His application was rejected by Mr Justice Cranston, who accepted that PJS and his wife had put many details of their relationship into the public domain, and that it was in the public interest that the newspaper should publish an account of his sexual exploits with others.
But while rejecting the application, Mr Justice Cranston issued a temporary injunction to allow PJS to appeal, which he did, arguing that the judge had incorrectly carried out the balancing exercise between his right to respect for privacy and family life under Article 8 of the European Convention on Human Rights, and the newspaper's Article 10 right to freedom of expression.
Lord Justice Jackson said he had concluded that there were two significant shortcomings in the decision of Mr Justice Cranston which allowed the Court of Appeal to intervene.
The first was that while the judge had identified the Article 8 rights PJS's children as a relevant consideration, he had not explained how he had taken those rights into account.
The second was that the judge had found that in various publicity material PJS and YMA had portrayed an image of commitment, and had accepted that commitment might not entail monogamy, but had then said that there was a public interest in correcting the image which the couple portrayed.
But on the present evidence, PJS and YMA were a committed couple and had been for a long time, said Lord Justice Jackson, adding: "On the evidence of both of them, the claimant's occasional sexual encounters with others do not detract from that commitment."
One issue was whether press articles and similar material shown to the court went further than simply portraying commitment.
"In my view the picture which emerges from the publicity material is not one of total marital fidelity, but rather a picture of a couple who are in a long term, loving and committed relationship. On the present evidence, that image is an accurate one," said Lord Justice Jackson.
"If the defendant publishes the proposed story, this will not set the record straight in any material respect. It will simply reveal that one feature of the claimant's and YMA's long term relationship is that the claimant is allowed to have occasional sexual encounters with others.
That would provide supplementary information, but it would not correct a false image."
He went on: "I accept that the claimant is a public figure. This therefore exposes him to comment and criticism in the media."
But as the Strasbourg court had observed, kiss-and-tell stories "about a public figure which do no more than satisfy readers' curiosity concerning is private life do not serve the public interest".
Lord Justice Jackson went on: "The right to freedom of expression includes the right to say or publish matter which others may find offensive, heretical or unwelcome. Freedom of expression is an important right for its own sake."
But he rejected the newspaper's argument that there was a relevant public debate in progress, and that the Sun on Sunday's proposed story would contribute to that debate, saying: "In my view, the information which it is proposed to publish will not advance the public debate or provide support for any of the competing opinions which are in circulation."

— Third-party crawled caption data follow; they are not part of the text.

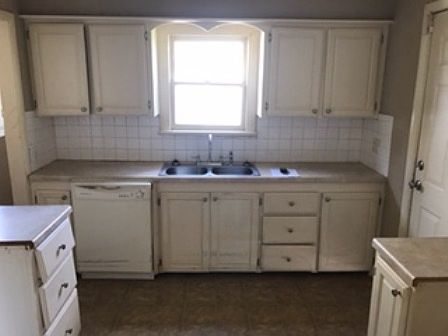 3rd image of 727 NW 17th St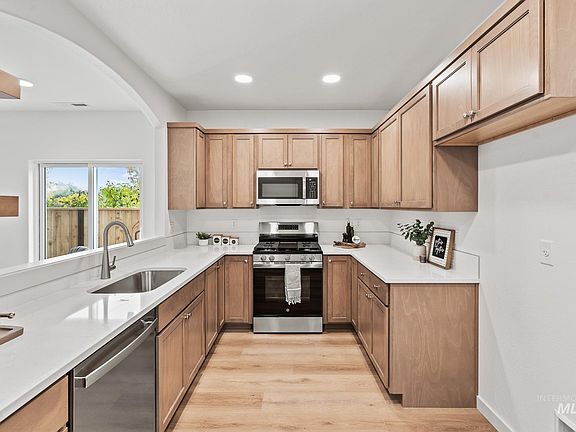 4th image of 1656 Harris Way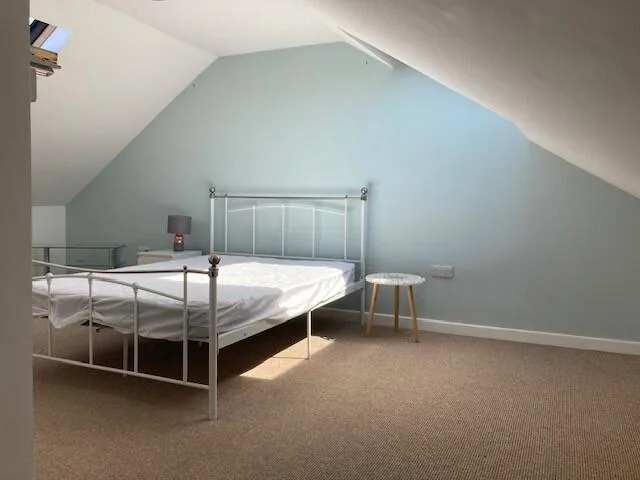 6 bedroom house for rent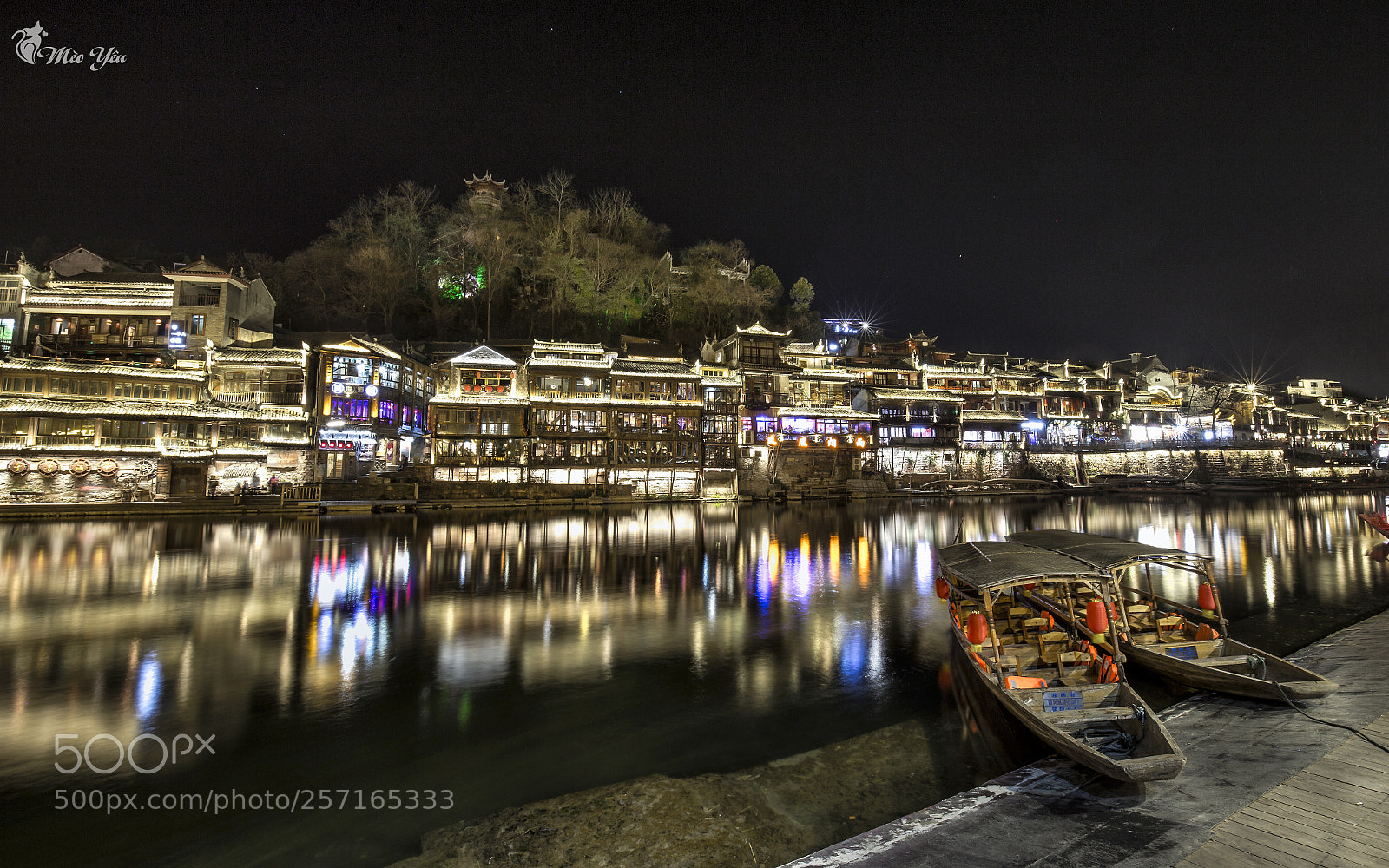 Canon EOS 6D sample photo. Midnight in fenghuang, china photography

He accepted that the newspaper was entitled to publish articles criticising people in the public eye. But while the newspaper had Article 10 rights to publish an account of PJS's adultery, he had an Article 8 right for his sexual liaisons to remain a private matter.
"The proposed story, if it is published, will be devastating for the claimant," said Lord Justice Jackson.
"In my view on any proper balancing exercise, the claimant's Article 8 right to privacy must prevail over the defendant's article 10 right to publish an account of the adultery."
There was also the position of the children to consider – the proposed article would generate a media storm and much public interest in PJS's family, and their children would become the subject of increased press attention, with all that that entailed.
He was satisfied, said Lord Justice Jackson, that when the action came to trial, PJS was likely to establish that publication should not be allowed.
The court granted an interim injunction restraining the defendant from publishing the proposed article until trial or further order.